Amplifying community voices, learning from neighborhood stories, and interrupting narratives of erasure in Seattle's Central District.
Gary Hammon2.JPG

Working Community

Photo by Inye Wokoma

Photo by Inye Wokoma

Gary was born and raised on 28th Ave South, in the Central Area. He took up the tenor saxophone while a junior at Garfield High School, played in clubs all over the Central District, and went on to join the first cohort of black jazz students allowed admission to the New England Convervatory, in 1969. He came back to Seattle fifteen years ago to care for his aging mother, who still lives in the home on 28th Ave South, where Gary grew up. He teaches jazz at Ballard High School, and he shops at the Red Apple every day. 

Gary Hammon

Everything was right there in our community. Even like when we were kids. There was a movie theater over there. I could walk up Jackson Street, and we had our barbershops, we had our own soul food cuisines. Jesse's store on 28th and Jackson was just one example.
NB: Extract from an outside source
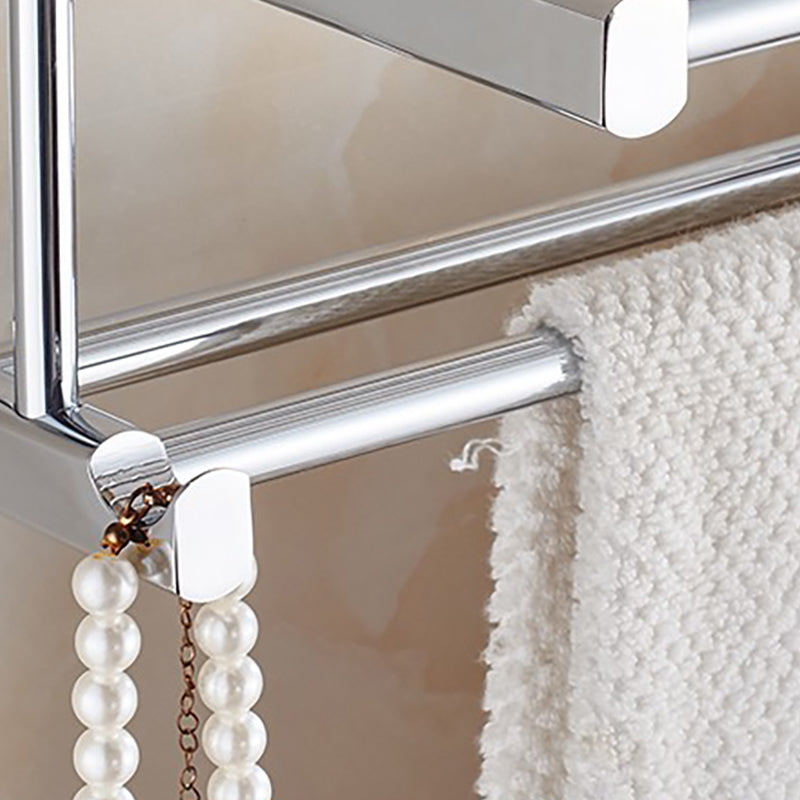 BowLift | Polished Chrome Modern Bathroom Accessory Set Silver Towel Holder/Bath Shelf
People that worked at Todd shipyard, that worked at Bethlehem Steel, worked for Boeing, worked for Sears, worked for all these great companies,  could send their children in, and they knew everybody in the neighborhood, and if you needed meat, or you needed something, you signed credit, and they knew who you were, and they knew that they were going to get their money. It was actually a working community.